Alfonso Garrido ya había abierto la puerta con intención de salir a la calle.

—¿Pero adónde vas, alma santa? Para un poco y habla conmigo. Necesito escuchar una voz distinta de la mía de vez en cuando —insistió ella.

—Yo también necesito oír una voz distinta de la tuya, de vez en cuando.

El hombre cerró la puerta tras él y respiró profundamente. Se había arrepentido de aquellas palabras nada más pronunciarlas, pero aligeró el paso. Caminar le ayudaba a olvidar y en pocos minutos ya se había distanciado de su casa el escaso kilómetro que la separaba del monte.

Corte del Ángel era una aldea hundida en un estrecho valle flanqueado por montes de bosques despejados y rocosos. Contaba apenas con una docena de vecinos y una veintena de casas, algunas de las cuales yacían abandonadas desde hacía muchos años.

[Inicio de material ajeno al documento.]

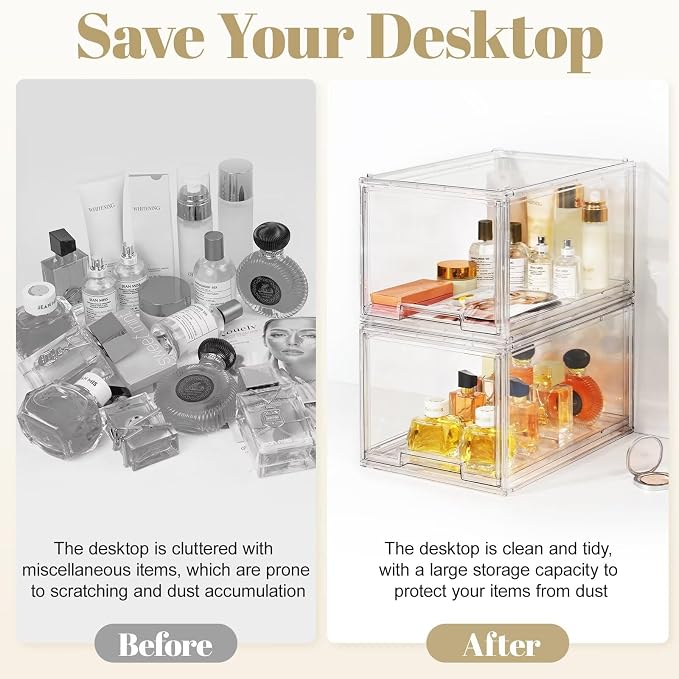 AZ.MIFENO Large Stackable Storage Drawers,Clear Thickened Drawer Organizers with Pull-Out Drawer for Skincare,Cosmetics, Ideal for Closet,Bathroom,Kitchen Undersink,Cabinet,Toy Organization (2 Packs) - Image 7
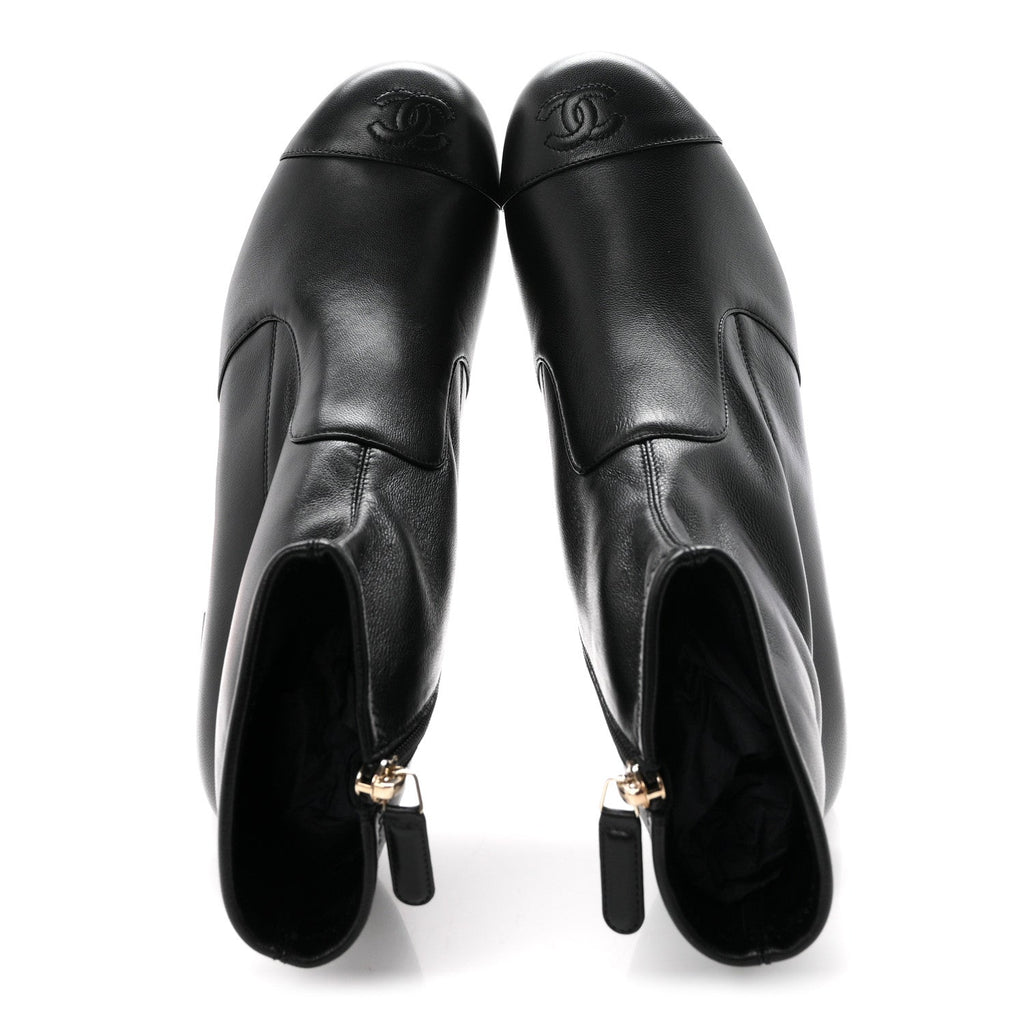 Chanel Stretch Lambskin Women's CC Uniform Boots 40.5 Black
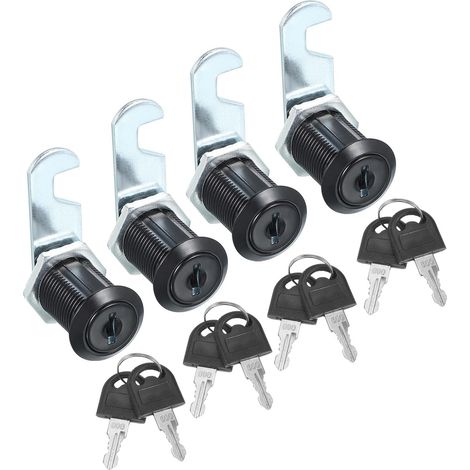 4 Pcs 1" Keyed Alike Cabinet Cam Lock With Key Tubular Locks Black (1/5)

Pertenecía al municipio de Aracena y este a la provincia de Huelva.

El terreno era mayormente escarpado, por lo que las cosechas se limitaban a patatas, uvas y castañas. Estas últimas eran tardías y de escaso calibre, con poco recorrido en el mercado. Las uvas de las apretadas y empinadas viñas se pisaban para fabricar vino casero y las patatas que sembraban eran también de autoconsumo. Lo único que dejaba margen de beneficio en aquellas tierras era la crianza y venta de ganado porcino.

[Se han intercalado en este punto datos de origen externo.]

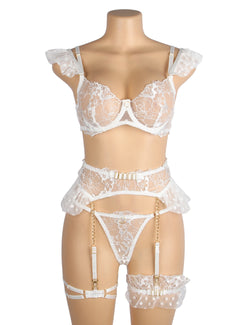 White Sexy Lace Garter Bra Panty Set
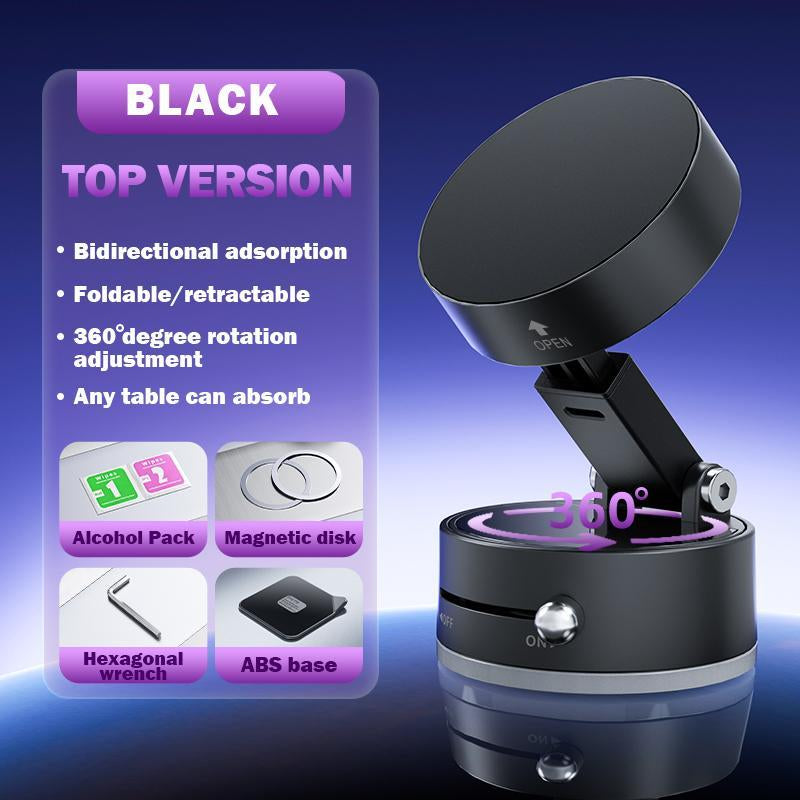 TOBRBE Vacuum Sucker Magnetic Rotate Phone Car Holder, 360° Suction Manual Adsorption Mobile Smartphone Cellphone Mount Stand Rotating Support A3 Cup Electronics Accessories Adjustable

Hacia el norte, los dos montes confluían con otros más lejanos formando hermosas espirales rocosas salpicadas de pinos, arbustos y matorrales. La caza era abundante en esa parte de la sierra, aunque estaba muy controlada al tratarse de una zona protegida por Medio Ambiente. Al sur, el terreno se allanaba y estaba poblado por numerosas encinas y chaparros que propiciaban el negocio del cerdo, pero para que pudiera ser rentable había que contar con varias docenas de estos animales y con al menos cinco o seis hectáreas de encinares donde abastecerlos. Pocas familias pudieron salir adelante durante las últimas décadas y los campesinos fueron abandonando poco a poco la pedanía. Sin embargo, no llegó a convertirse en un pueblo fantasma. La belleza de su paisaje rural, la templanza del clima y la soledad del lugar atrajeron con el tiempo a un puñado de singulares turistas. Procedían tanto de fuera como de dentro del país y venían en busca de setas, pájaros, vientos aromáticos y lunas grandes. Buscaban un lugar de retiro espiritual o artístico para sus transitadas almas. Las casas volvieron a poblarse, aunque con gentes de otros mundos. Pintores, naturalistas, músicos y bohemios decidieron acompañar a los pocos hacendados de la zona.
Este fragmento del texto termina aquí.